Telegraph
"Outrage about the Cyprus banks euro tax bail-out should not be allowed to obscure the fact that millions of savers in British banks have already lost much more of the real value or purchasing power of their money to prop up financial institutions closer to home.
Savers in British banks and building societies have been stealthily robbed of more than £43bn of the real value of their savings since the Bank of England froze interest rates at 0.5pc four years ago. That's the total shrinkage of bank and building society depositors' purchasing power caused by inflation exceeding frozen interest rates, according to calculations by the pressure group Save Our Savers, following similar calculations by Yorkshire Building Society that the average saver has lost £2,500 in real terms since the credit crisis began.

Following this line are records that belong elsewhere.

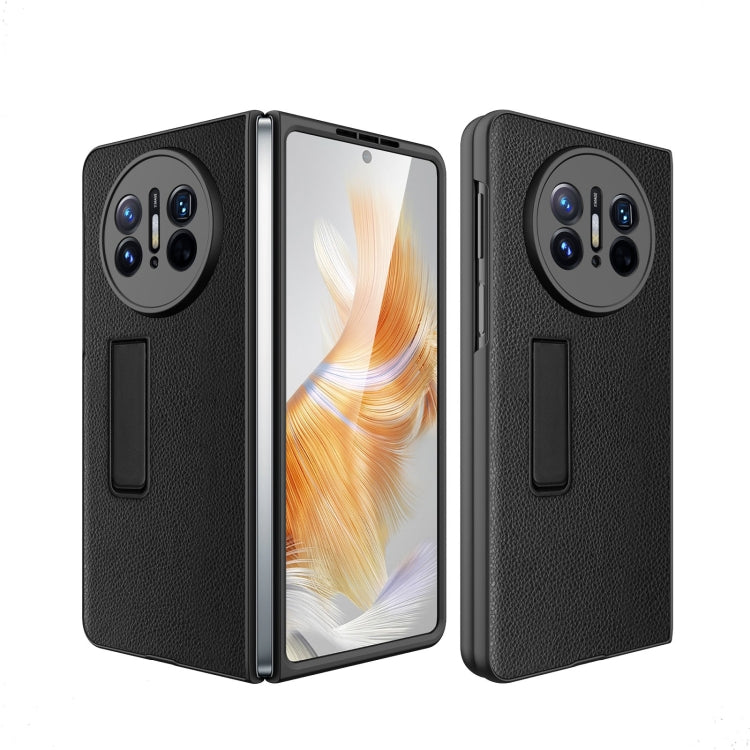 Litchi-textured shockproof phone case with built-in holder, black, for foldable phone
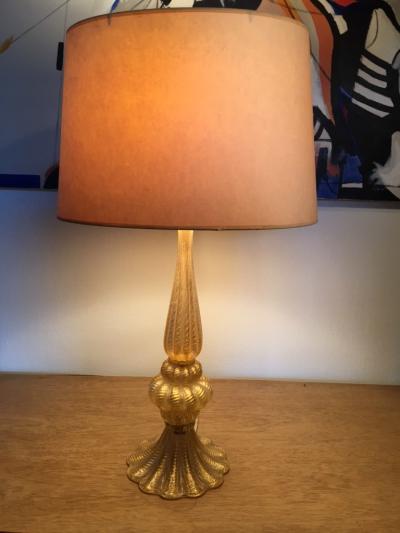  Barovier Toso EXCEPTIONAL PAIR OF GOLD MURANO LAMPS BY BAROVIER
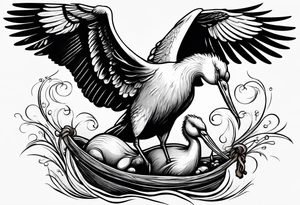 Stork flying and carrying baby hippo in sack tattoo idea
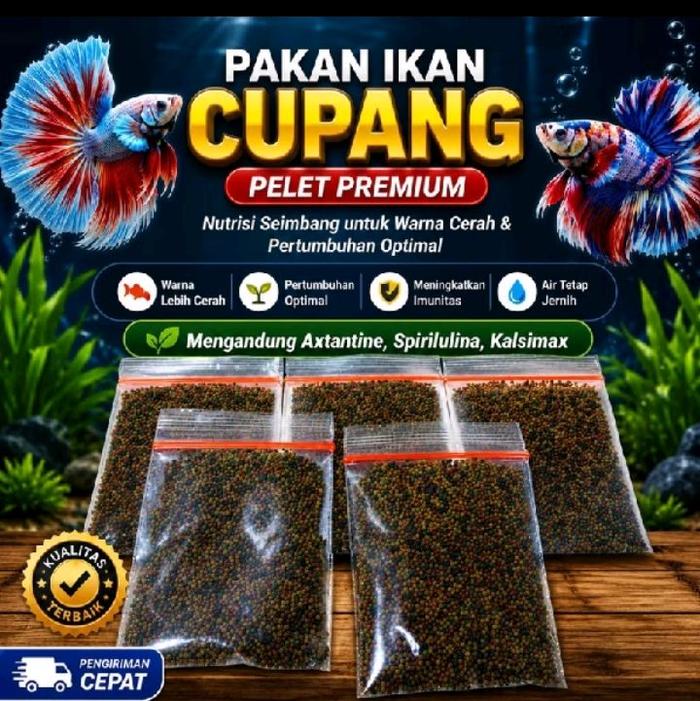 Pakan Ikan Cupang Pelet Premium Nutrisi Seimbang untuk Warna Cerah & Pertumbuhan Optimal Mengandung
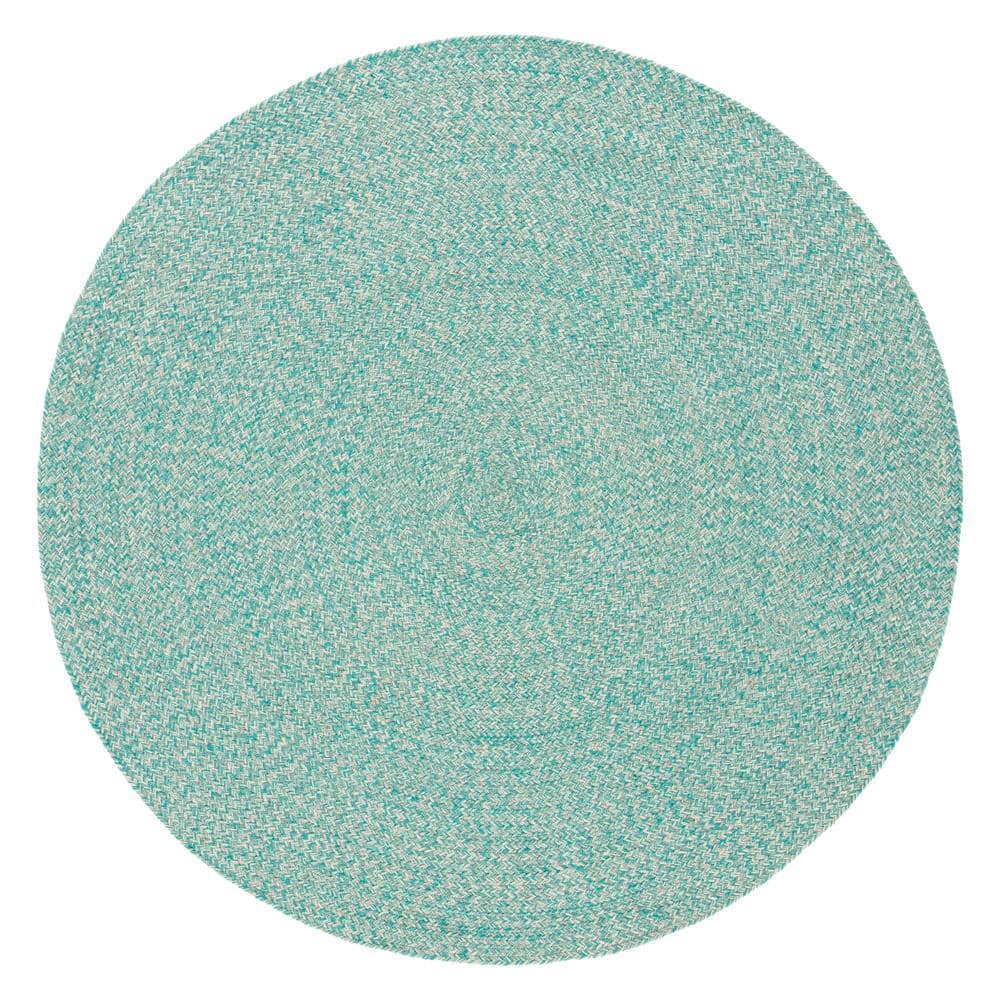 Braided Teal/Ivory 8 ft. x 8 ft. Chevron Striped Round Area Rug price history on PriceWatchPro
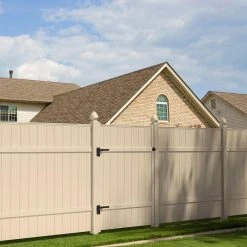 Discount ⌛ 5 in. x 5 in. x 8 ft. Tan Wicker Vinyl Fence Post by Veranda ⌛ -Cheap Fence Gates Plus Store tan veranda vinyl fence posts 115995 c3 1000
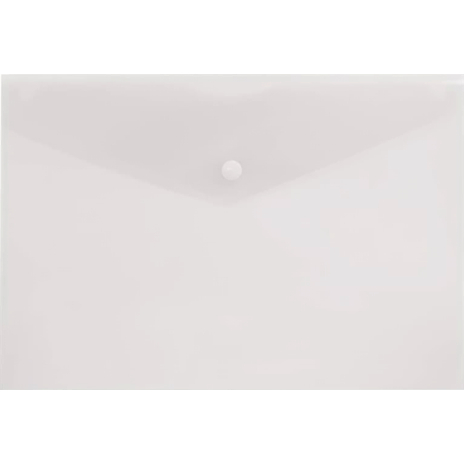 Папка-конверт с кнопкой А5 пластик 0,18мм прозрачный Бюрократ PK804А5CLEAR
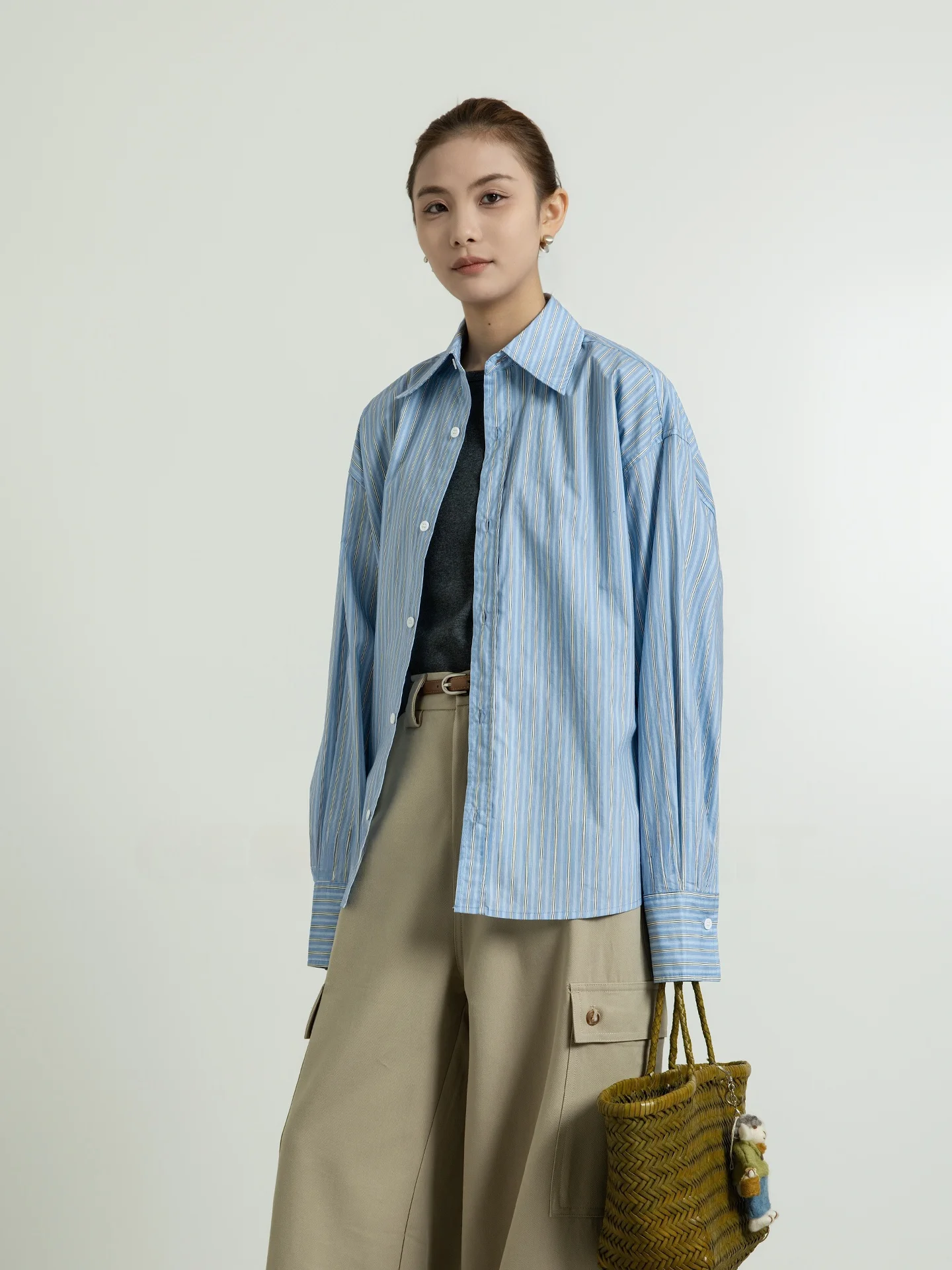 

Loose Long Sve Blue Striped Casual irt Women's Spring New Sle Geometry Unit Simple Sle Cotton Breathable Casual Top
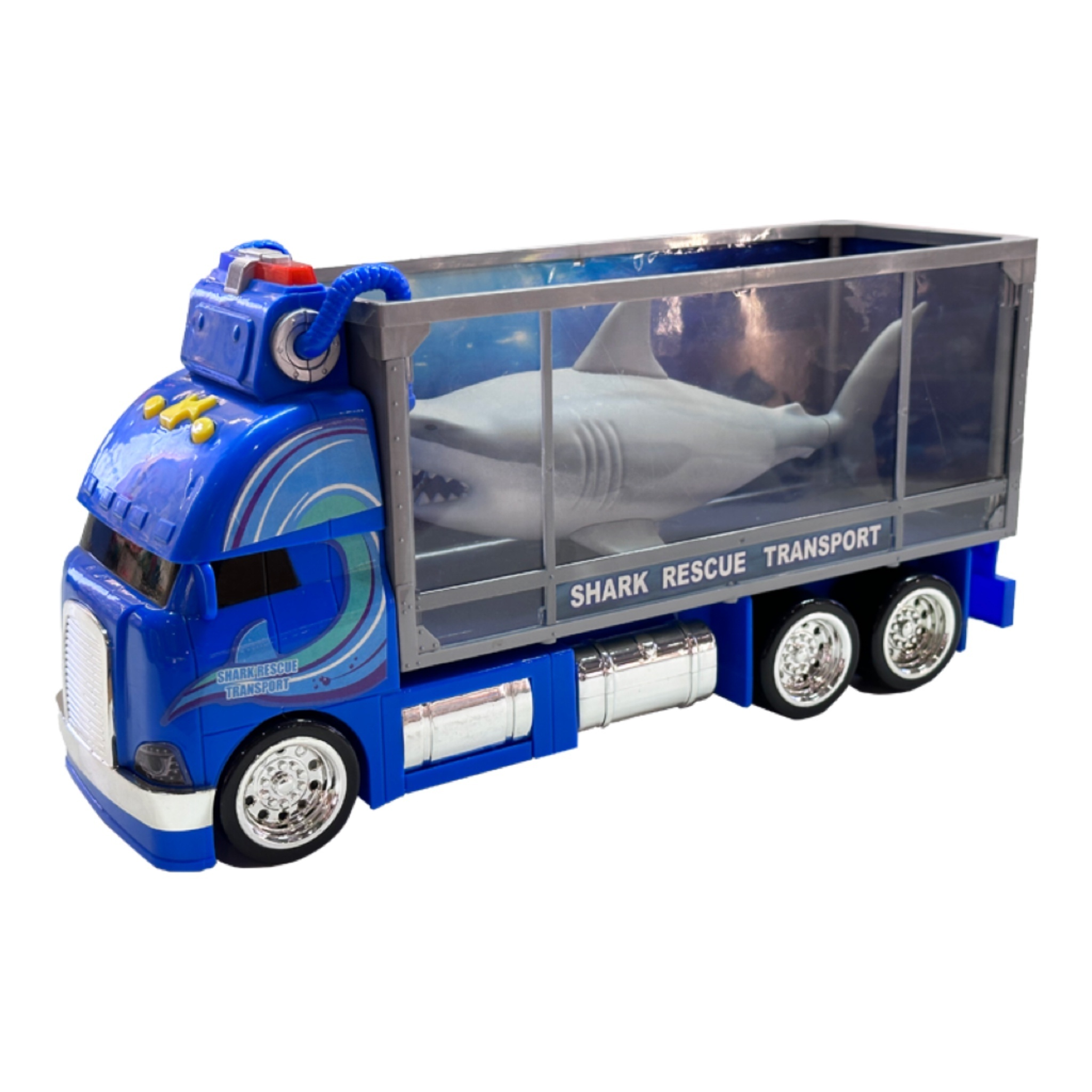 2023 New Shark Rescue Transporter Model With Sound And Light Vibrating Shark Truck Best Gift Toy Car For Kids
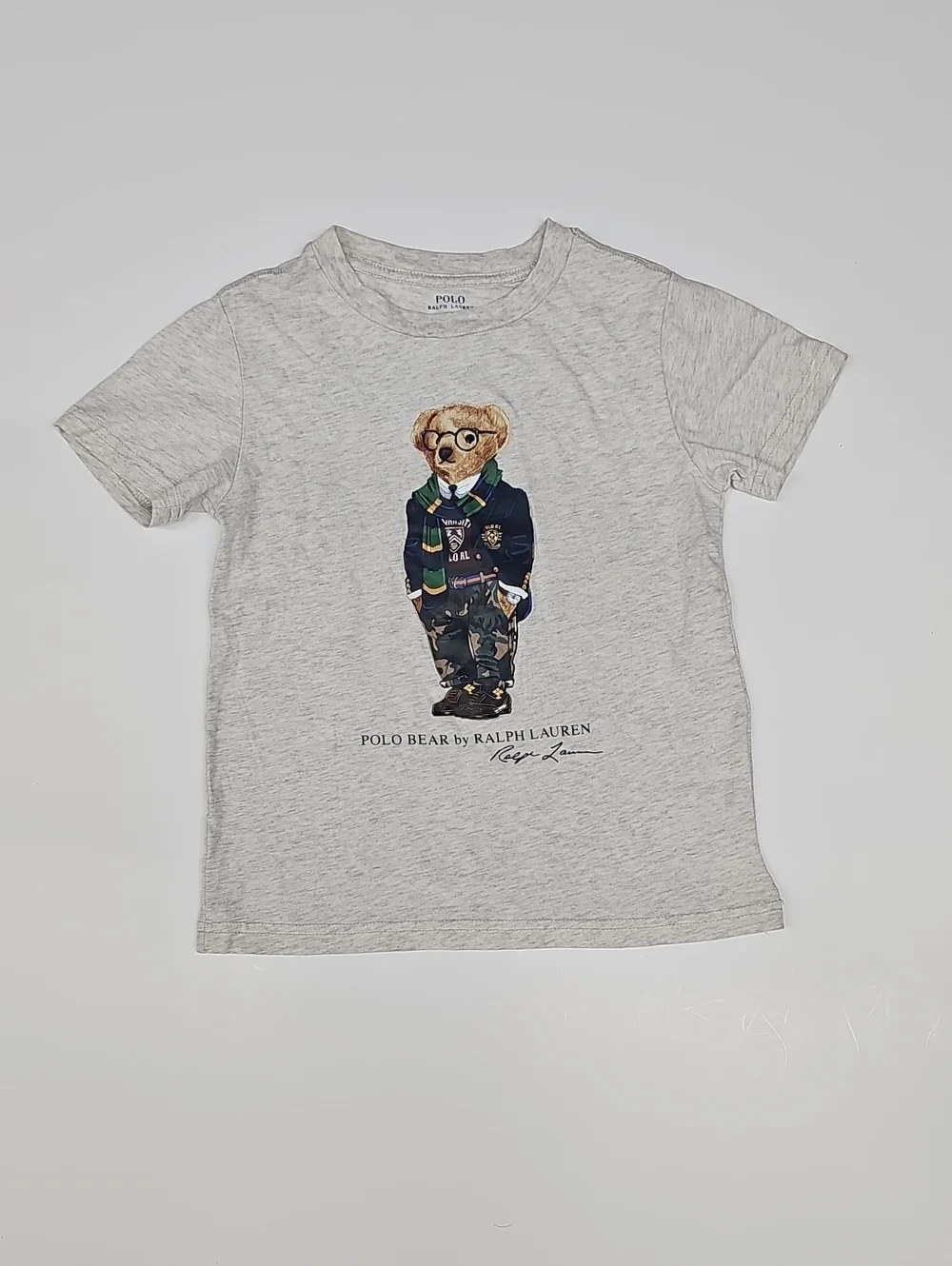 Ralph Lauren Light Gray Polo Bear Graphic Tee with Navy & Green Details Size 5T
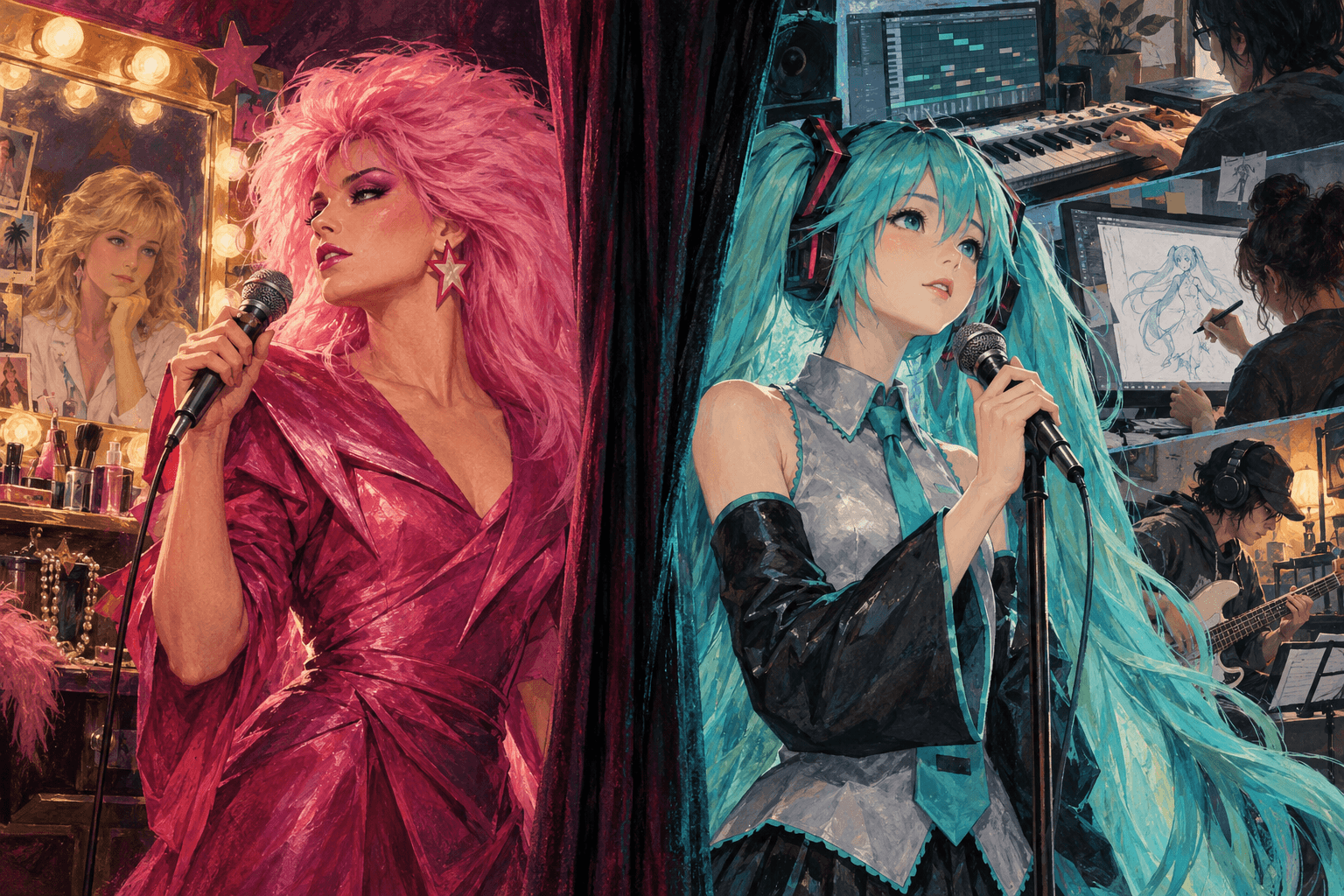 Painted diptych of pink-haired Jem beside a mirror showing blonde Jerrica, and turquoise-haired Miku beside anonymous music-making and animation scenes.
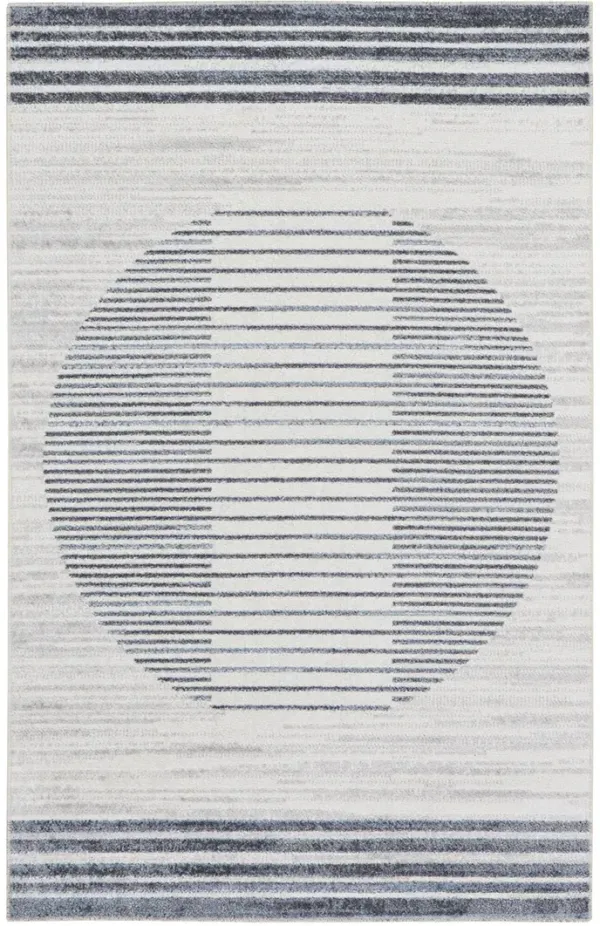 Astra Machine Washable ASW05 Ivory/Blue 3'3" x 5' Rug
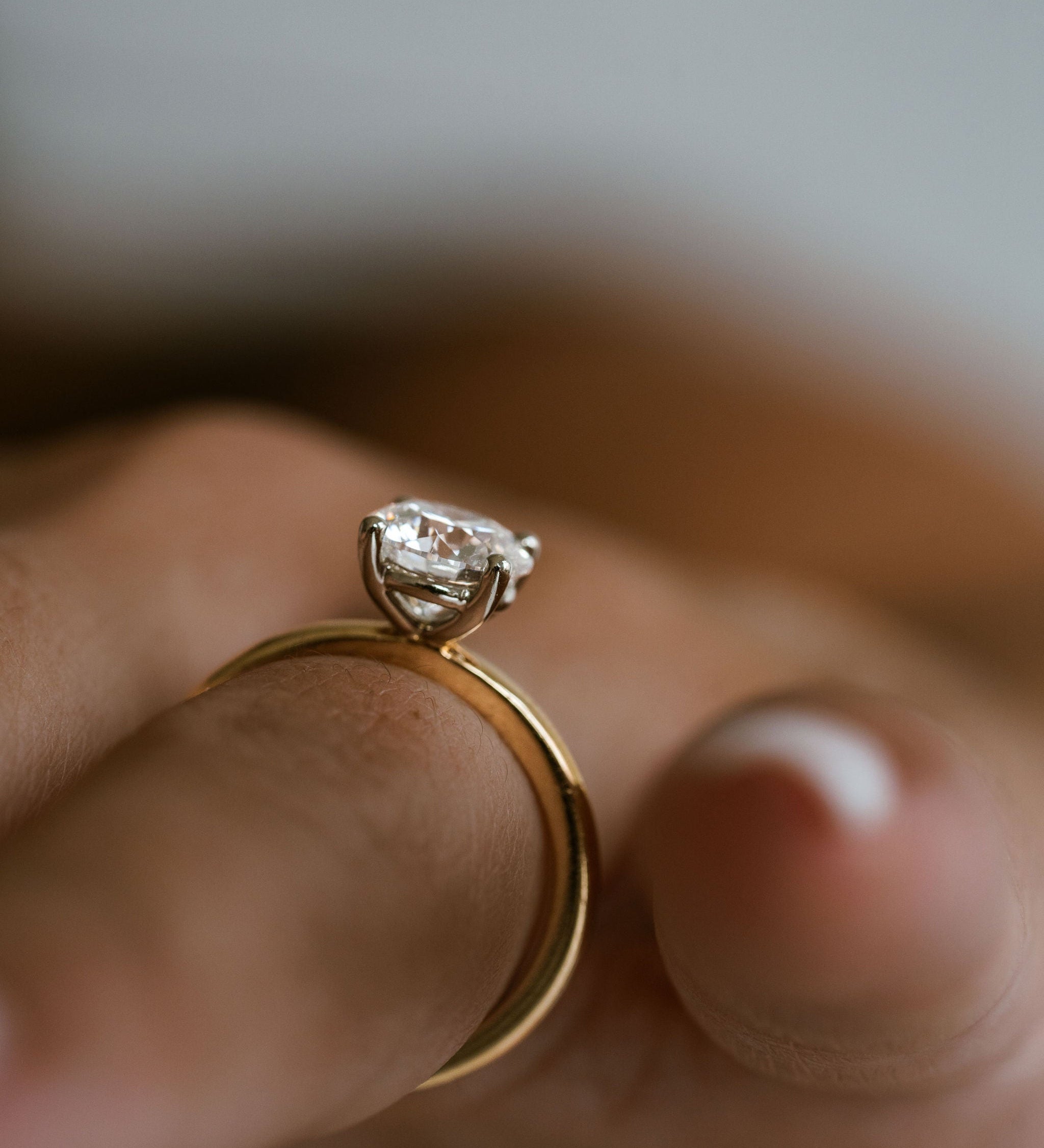 3.0 CT Elongated Cushion Solitaire Lab Grown Diamond Engagement Ringt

Both figures have got much bigger than they were a couple of years ago, as inflation has continued to run ahead of interest paid on deposits. Pensioners have suffered even more because higher than average proportions of their fixed incomes are spent on food and fuel. They are the largely silent victims of the Bank of England's policy of running negative real interest rates.
But this slow-motion bank robbery is more difficult to describe than the short, sharp, smash-and-grab in Cyprus. So, despite the best efforts of this column to blow the whistle, more attention will be given to smaller losses for fewer people in Cyprus than millions of savers and pensioners who have lost much more in British banks and retirement funds."